Some types of mold are toxigenic and are commonly found in a damp and moist environment. You can inhale or ingest mold spores accidentally when they are lingering around the air in your home. Mold takes a short time to grow and can mutate rapidly as long as there are favorable conditions for growth. It may enter your house through open doorways, air conditioning systems, heating, and ventilation. Since they are microscopic, it is quite difficult to notice the effect of mold spores until you see visible mold or start suffering from its effects. This article looks at some of the health issues linked to mold.
- Respiratory Infections
Mold causes allergic reactions, which may affect the upper respiratory system. This usually happens when you accidentally inhale mold spores that float around in the air. Allergic reactions caused by mold along the respiratory tract include sneezing, runny nose, persistent cough, and throat irritation. Individuals that already suffer from allergies or have a compromised immune system are at high risk of developing health complications. The symptoms of mold allergy may vary from one person to another and may range from mild to severe. Symptoms that flare up only when you are in the house but improve when you are away from home indicate the presence of mold.
- Skin Infections
Mold produces toxins, allergens, and irritants, which may cause adverse reactions when they encounter your skin. The level of severity may vary depending on how long you are exposed to mold. Long-term mold exposure can cause scaling skin or rashes that may take a brown or pink appearance. Mold-induced skin rashes can go and come back periodically depending on your frequency of exposure. Systemic infections may be a significant threat for people with a suppressed immune system. The best way to reduce skin irritation is to improve the air quality in your home by addressing the source of your mold problem.
- Intensification of Asthma
Mold spores are often quite small but can have a massive impact on your asthma symptoms. Common signs of asthmatic attacks include difficulties in breathing and other respiratory problems. Long-term mold exposure can act as a trigger for people with asthma and may worsen their symptoms because of high sensitivity to mold. Individuals who are at high risk include infants and children, the elderly, people with a weakened immune system and those with pre-existing skin conditions such as eczema.
Aspergillosis is an allergic reaction caused by different kinds of mold. It is caused by a type of mold known as Aspergillus fumigatus and affects people who have a weakened immune system or those with chronic lung problems. Other individuals who are at high risk of developing Aspergillosis include patients who have had organ transplants or those taking chemotherapy. Mold can start to grow inside your lung cavities forming a lump that combines with blood clots and white blood cells. The ball of fungus or lump created by mold is known as mycetoma or aspergilloma and may be present in other organs of the body. Invasive Aspergillosis is the most severe type where the infection shifts from the lungs to the bloodstream. This may affect other major organs such as the brain, kidney, or liver.

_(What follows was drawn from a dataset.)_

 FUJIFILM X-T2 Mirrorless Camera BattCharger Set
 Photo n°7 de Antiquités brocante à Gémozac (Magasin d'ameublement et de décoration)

- Hypersensitivity Pneumonitis
Hypersensitivity pneumonitis is a rare condition that usually comes about because of long-term exposure to mold spores causing inflammation of the lungs. The initial symptoms of hypersensitivity pneumonitis are very similar to flu but may develop after several months of mold exposure. The symptoms usually vary in intensity and can range from mild to severe health complications. However, hypersensitivity pneumonitis is reversible during its early stages and the best way to avoid worsening your situation is by limiting your exposure to mold. If you do not receive early treatment, it can cause lung scarring and other lung problems. The tiny air sacs inside your lungs become inflamed and may fill with fluid. Lung scarring may lead to other health complications such as breathing difficulties due to blockages in the air sacs.
Every person responds differently to mold and there is no level of mold that is considered safe. People with asthma or compromised immune systems are more predisposed to mold symptoms, which may worsen because of long-term exposure. The best way to avoid health issues linked to mold involves taking necessary measures to prevent mold growth. It is also important to go for medical checkups if you start experiencing any allergic symptoms since some mold-related illnesses are only reversible with early treatment.